• **HOW TO COMPLETE THIS TASK**
Exactly as written, print every line of the listing below and omit its pictures.

• **DATASET EXTRACT**
+---+

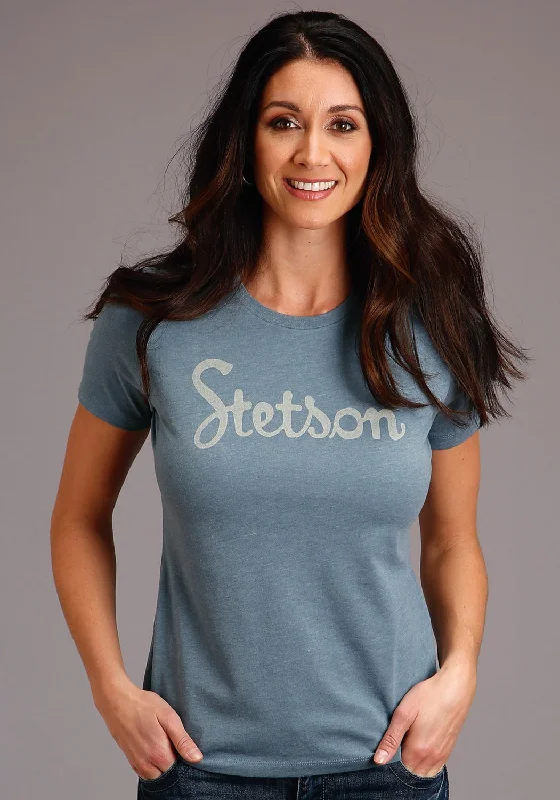 Stetson Womens Slate Blue Cotton Blend Vintage Screenprint S/S T-Shirt Casual Wear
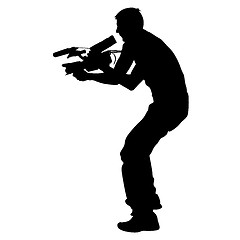 Image showing Cameraman with video camera. Silhouettes on white background. illustration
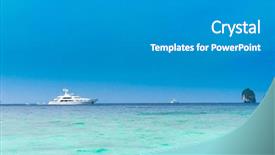  Presentation with yacht - Beautiful theme featuring yacht vacation vast seascape backdrop and a gray colored foreground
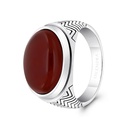 Sterling Silver 925 Ring Rhodium And Black Plated Embedded With Red Natural Aqiq For Men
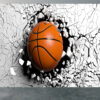 Self-Adhesive 3D Basketball in Cracked Wall Wallpaper in Living Room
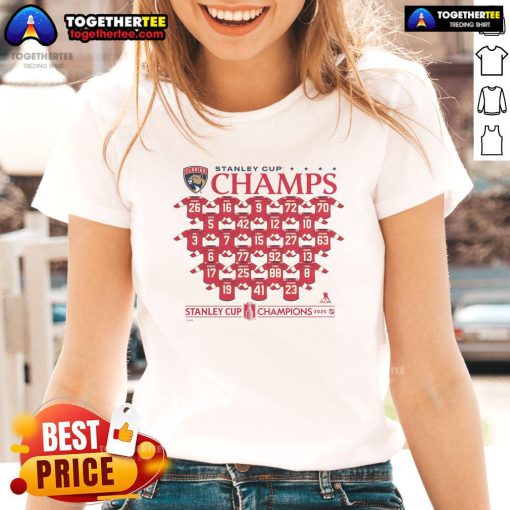 Alt Text: Official Florida Panthers 2025 Stanley Cup Champions jersey featuring roster players on a stylish ladies tee.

+---+

• **RESPONSE FOR THIS EXERCISE**
 Stetson Womens Slate Blue Cotton Blend Vintage Screenprint S/S T-Shirt Casual Wear
 Image showing Cameraman with video camera. Silhouettes on white background. illustration
  Presentation with yacht - Beautiful theme featuring yacht vacation vast seascape backdrop and a gray colored foreground
 Sterling Silver 925 Ring Rhodium And Black Plated Embedded With Red Natural Aqiq For Men
 Self-Adhesive 3D Basketball in Cracked Wall Wallpaper in Living Room
 Alt Text: Official Florida Panthers 2025 Stanley Cup Champions jersey featuring roster players on a stylish ladies tee.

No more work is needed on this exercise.